Noch ist dabei nicht klar, ob man auf Bonner Regierungsseite die Hindernisse im Ausbau der Beziehungen zu den Staaten des Warschauer Paktes, nämlich die Anerkennung der besonderen Beziehungen West-Ber-lina zur Bundesrepublik, wirklich so gering veranschlagte, daß sogar schon der Reisetermin Brandts nach Prag festgelegt worden war, oder ob diese immer wieder bekundete Reiseabsicht des Bonner Regierungschefs Teil der Verhandlungsstrategie war. Zweifellos bedeutet die Aussicht auf einen Besuch Brandts in Prag, das seine Isolierung seit dem Ende des Prager Frühlings noch immer nicht überwinden konnte, eine starke Verlockung für die CSSR, den deutschen Wünschen nachzukommen. Daß die tschechoslowakische Seite dennoch so hart blieb und es strikte ablehnte, ein bundesdeutsches Konsulat durch juristische Personen aus West-Berlin vertreten zu lassen, deutet darauf hin, daß hier Weisungen aus der Sowjetunion befolgt wurden.

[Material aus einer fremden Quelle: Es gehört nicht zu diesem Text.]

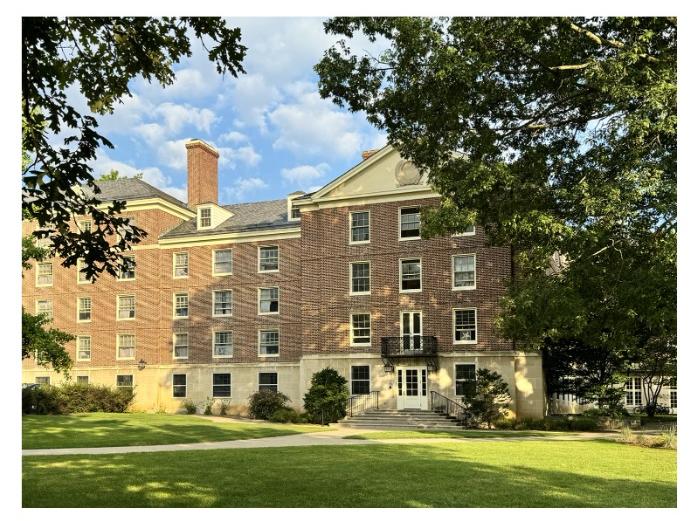 A brick building on a college campus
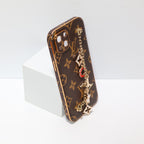 Close-up of the ornament iPhone case showing the hand strap, leather finish and card storage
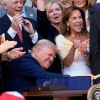 President Trump bangs a gavel after signing the "One, Big Beautiful Bill" Act into law during an Independence Day military family picnic on the South Lawn of the White House on Friday.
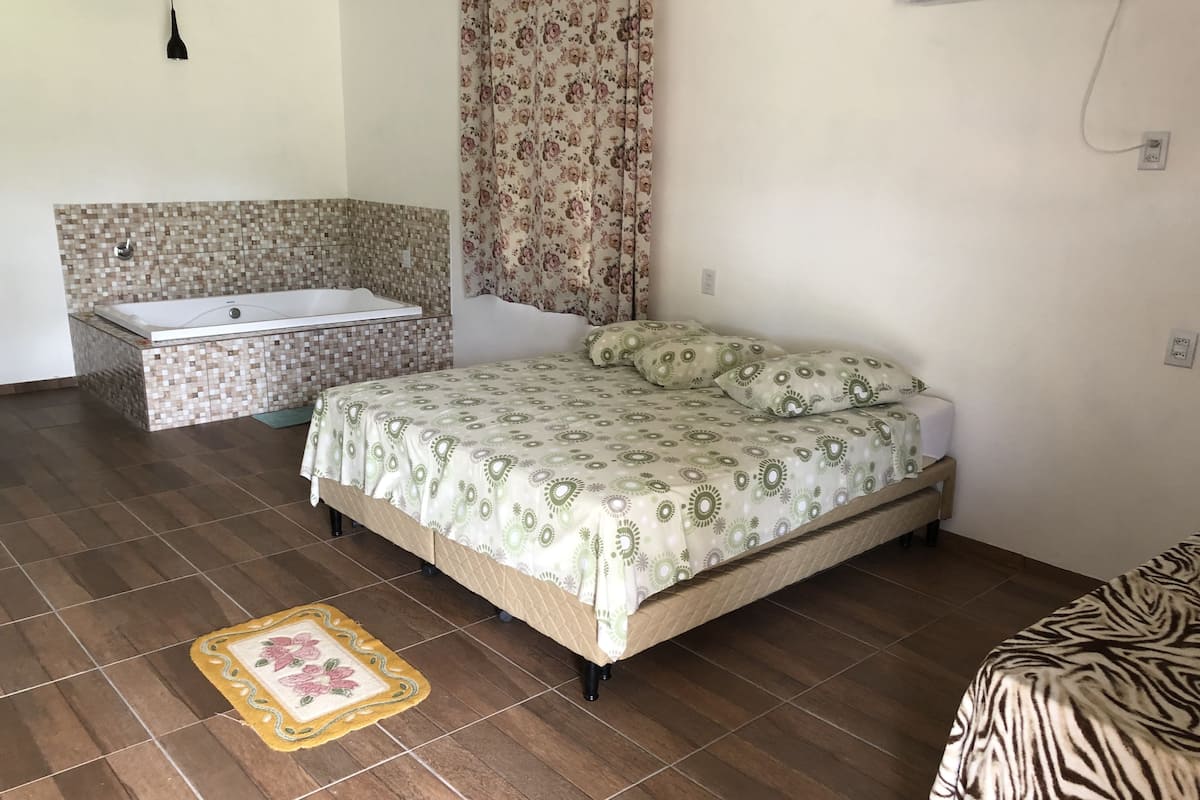 Un dormitorio con cama, un baño pequeño con bañera y un tapete estampado en el suelo.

Äußerungen des Vaters der Ostverträge, Hermann Bahr, daß die östlichen Verhandlungspartner unabhängig voneinander oder anderen Staaten handeln, mag diplomatisch sinnvoll gewesen sein, weil es dem Selbstbewußtsein dieser Staaten schmeichelt, dürfte aber kaum den wahren Sachverhalt getroffen haben. Schließlich zeigt auch die Verhandlung zwischen der Bundesrepublik und der DDR über ein Rechtshilfeabkommen, daß hier von östlicher Seite die gleiche Linie, nur noch radikaler, verfolgt wird.

Angesichts der eindeutigen Indizien, daß Moskau und die ihm verbundenen Staaten konsequent das Ziel verfolgen, die engen Bindungen zwischen der Bundesrepublik und West-Berlin zu leugnen, war die harte Haltung auf Bonner Seite die einzige Möglichkeit. Wenn auch die Normalisierung der Beziehungen zwischen der Bundesrepublik und der CSSR, Ungarn und Bulgarien wünschenswert wäre, so ist dies doch kein Grund, nun um eines raschen Erfolges willen, in der entscheidenden Berlin-Frage klein beizugeben. Da die östlichen Staaten mit ihren massiven wirtschaftlichen Wünschen gegenüber der Bundesrepublik ohnedies die größeren Vorteile von einem positiven Ergebnis der Verhandlungen hätten, kann sich Bonn hier um so leichter hart und kompromißlos geben.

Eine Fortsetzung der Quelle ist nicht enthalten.